Analizlere hazırlık, sonuçlarının bağlı olduğu çok önemli bir adımdır. Hasta temel kuralların bir listesine uymalıdır. Bu neden gerekli?

Vücudun daha ileri teşhis için hazırlanması gerekir. Kurallara uyulmaması kan testi sonuçlarının bozulmasına neden olur. En deneyimli uzman bile çalışmanın sonuçlarını doğru bir şekilde çözemeyecektir.

Yanlış yorumlanan sonuçlar da yanlış tanıya yol açar. Gerçek hastalıklarla mücadelede hiçbir fayda sağlamayabileceği gibi sağlık açısından ciddi sonuçlara da yol açabilecek tedaviler önerilmektedir. Bu durumda, teşhis önlemlerinin sonuçlarının tüm sorumluluğunu hastanın kendisi üstlenir.

Kan bağışına hazırlanmanın temel kuralları

Kan bağışlamadan önce bir takım temel kurallar vardır. İlk ve en temel kural aç karnına uzmana gitmektir. Testlere başlamadan önce 12 saatten fazla yemek yememek daha iyidir. Temiz su içmenize izin verilir. Diğer içeceklerden de kaçınmak daha iyidir.

Bir uzmana gitmeden birkaç gün önce, kızarmış, baharatlı ve çok tuzlu yiyecekleri diyetinizden çıkarın.

Kan vermeden 2-3 saat önce sigarayı bırakmalısınız.

Kullanacağınız ilaçları önceden doktorunuza bildirmelisiniz. Araştırmanın sonuçlarını önemli ölçüde etkileyebilirler.

Bir uzmana gitmeden birkaç gün önce saunalara, yüzme havuzlarına veya buhar banyolarına gitmekten kaçınmak daha iyidir.

Güçlü duygusal, fiziksel stres ve aşırı efordan kaçının.
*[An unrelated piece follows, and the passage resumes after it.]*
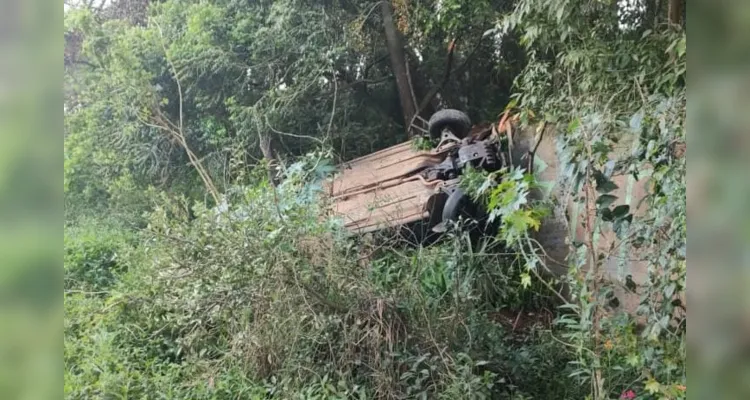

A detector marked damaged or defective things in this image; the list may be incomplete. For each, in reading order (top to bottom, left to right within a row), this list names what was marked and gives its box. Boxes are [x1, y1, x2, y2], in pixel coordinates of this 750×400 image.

overturned vehicle [326, 109, 508, 239]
Adrenalin vb. gibi elementlerin kana salınmasına neden olabilirler.

Uzmanlara gitmek ve test yaptırmak sadece doktorun talimatıyla yapılmamalıdır. Bu tür işlemler ciddi hastalıkların yokluğunda yılda 1-2 kez yapılmalıdır. Halihazırda sağlık sorununuz varsa en az 3-4 ayda bir test yaptırmanız daha doğru olacaktır.

Sağlığınızın yalnızca sizin elinizde olduğunu unutmayın. Düzenli teşhis, ciddi hastalıkları gelişimlerinin erken aşamalarında tespit edebilir, bu da etkili tedavinin zamanında başlatılmasına ve mevcut hastalıktan hızla kurtulmanıza olanak tanır.